What to produce: Each line from the one holding "Chinook Salmon" through the final line of the data below is to be given again exactly, and no other line is to appear.
*** Data for the task ***
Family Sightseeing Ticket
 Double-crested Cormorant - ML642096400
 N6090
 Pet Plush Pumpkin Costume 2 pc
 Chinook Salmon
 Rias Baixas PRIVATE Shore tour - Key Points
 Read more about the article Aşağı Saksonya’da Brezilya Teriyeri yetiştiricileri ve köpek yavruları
***
Task answer:
 Chinook Salmon
 Rias Baixas PRIVATE Shore tour - Key Points
 Read more about the article Aşağı Saksonya’da Brezilya Teriyeri yetiştiricileri ve köpek yavruları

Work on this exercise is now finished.